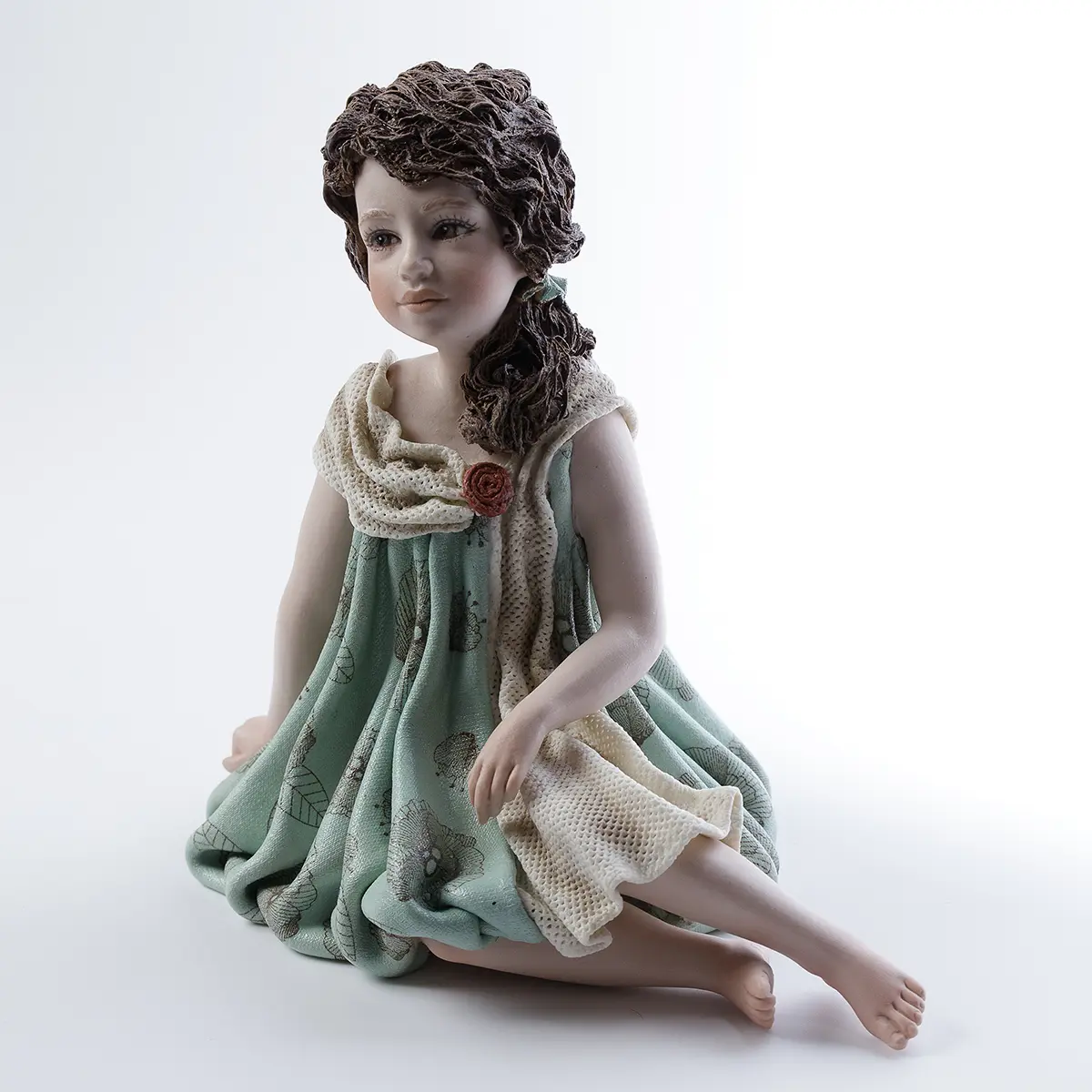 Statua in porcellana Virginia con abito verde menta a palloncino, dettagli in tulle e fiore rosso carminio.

◇ ◇ ◇

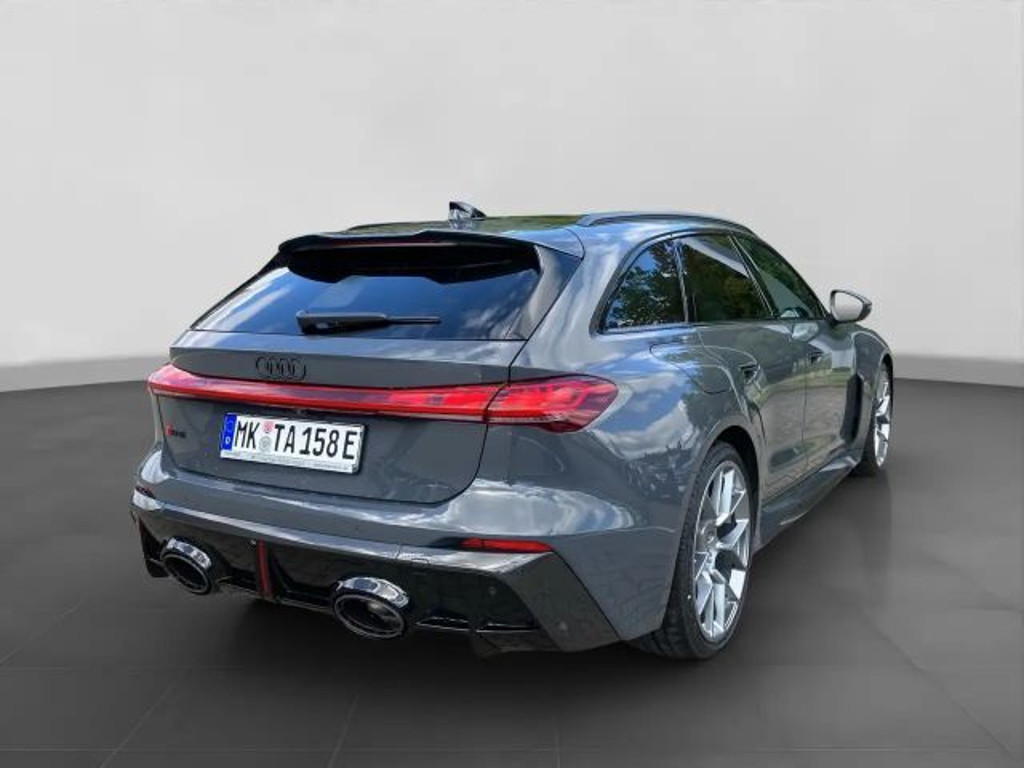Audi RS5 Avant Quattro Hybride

◇ ◇ ◇

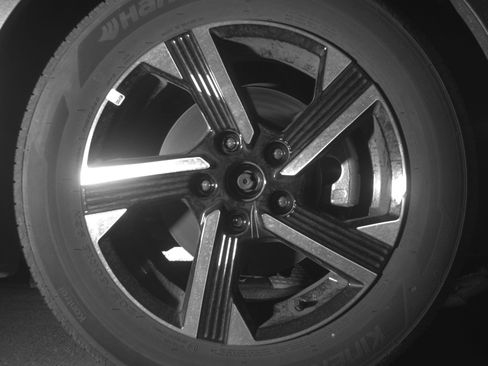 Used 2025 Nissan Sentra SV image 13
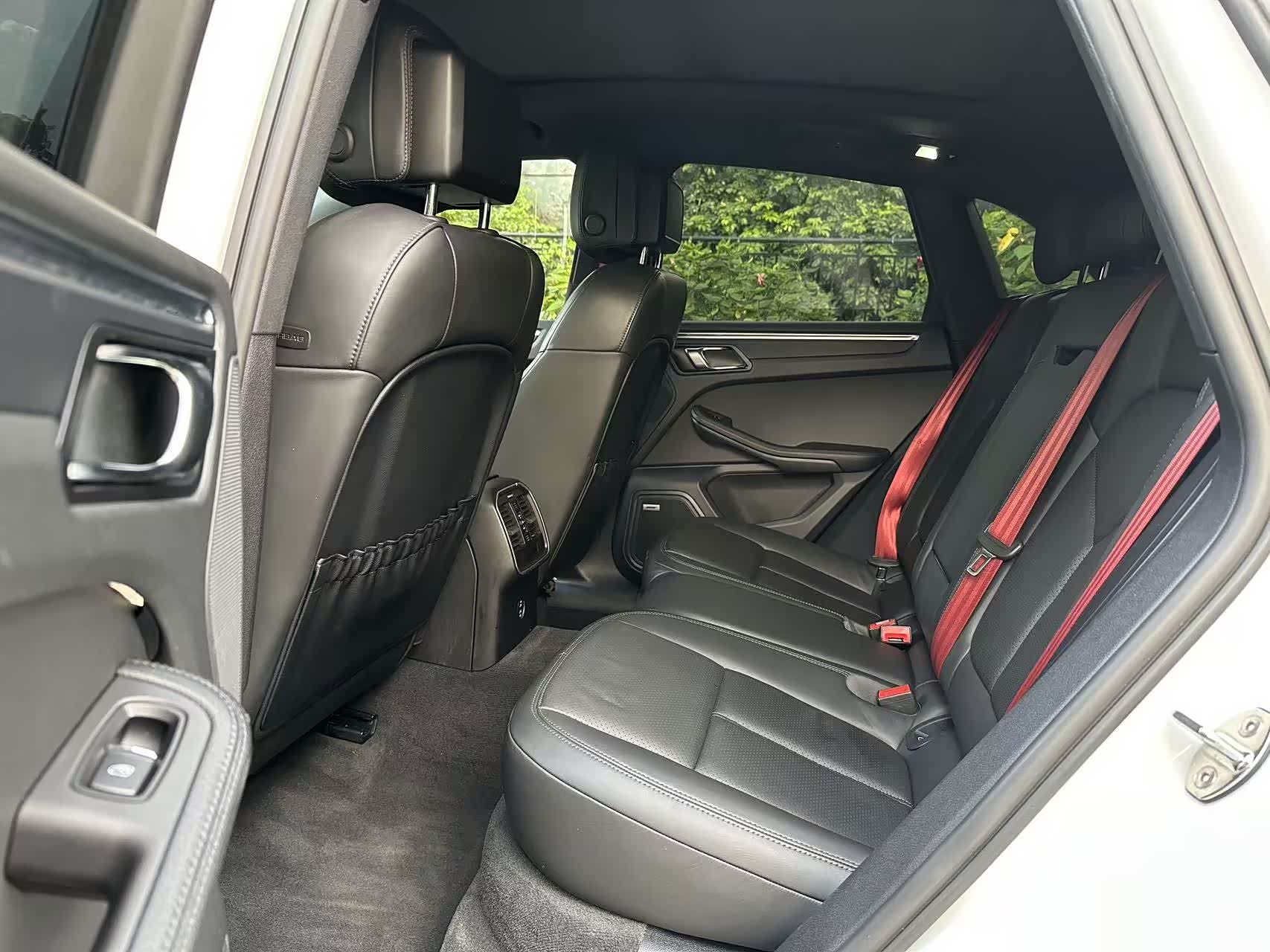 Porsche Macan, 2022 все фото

◇ ◇ ◇

Work from the entries above. Set down exactly and only the lines from the line with "Used 2025 Nissan Sentra SV image 13" to the line with "Porsche Macan, 2022 все фото", both included, and leave the pictures out.

Problem solution →
 Used 2025 Nissan Sentra SV image 13
 Porsche Macan, 2022 все фото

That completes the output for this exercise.